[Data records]

"""

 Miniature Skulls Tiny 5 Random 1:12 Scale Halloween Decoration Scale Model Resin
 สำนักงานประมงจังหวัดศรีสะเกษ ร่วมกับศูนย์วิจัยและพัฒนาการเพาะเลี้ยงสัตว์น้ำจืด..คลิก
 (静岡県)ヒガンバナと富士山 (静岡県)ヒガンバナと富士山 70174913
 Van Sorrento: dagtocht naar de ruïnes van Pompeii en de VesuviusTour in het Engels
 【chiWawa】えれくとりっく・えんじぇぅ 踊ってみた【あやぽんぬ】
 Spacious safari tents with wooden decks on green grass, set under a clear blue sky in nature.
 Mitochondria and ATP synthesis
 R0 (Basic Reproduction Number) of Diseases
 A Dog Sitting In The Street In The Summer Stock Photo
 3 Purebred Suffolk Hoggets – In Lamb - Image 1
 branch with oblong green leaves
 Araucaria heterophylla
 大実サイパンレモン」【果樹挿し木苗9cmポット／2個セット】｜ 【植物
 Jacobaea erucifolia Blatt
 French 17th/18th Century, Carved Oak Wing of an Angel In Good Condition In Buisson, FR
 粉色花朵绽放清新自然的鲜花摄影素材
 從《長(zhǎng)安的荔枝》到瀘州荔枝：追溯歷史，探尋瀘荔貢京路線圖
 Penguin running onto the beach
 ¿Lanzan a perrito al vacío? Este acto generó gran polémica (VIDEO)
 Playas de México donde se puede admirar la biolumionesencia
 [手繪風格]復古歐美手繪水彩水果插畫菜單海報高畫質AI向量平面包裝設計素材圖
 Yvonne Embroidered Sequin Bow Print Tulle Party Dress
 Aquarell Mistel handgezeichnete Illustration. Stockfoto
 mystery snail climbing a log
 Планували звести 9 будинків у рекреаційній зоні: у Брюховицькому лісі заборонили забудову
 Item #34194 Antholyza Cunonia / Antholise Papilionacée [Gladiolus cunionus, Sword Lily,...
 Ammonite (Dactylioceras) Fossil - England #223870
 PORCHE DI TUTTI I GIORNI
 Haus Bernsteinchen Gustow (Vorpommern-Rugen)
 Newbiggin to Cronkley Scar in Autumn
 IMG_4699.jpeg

"""

[HOW TO COMPLETE THIS TASK] Return all lines from the data that include the string "with".

[FINISHED EXERCISE]
 Spacious safari tents with wooden decks on green grass, set under a clear blue sky in nature.
 branch with oblong green leaves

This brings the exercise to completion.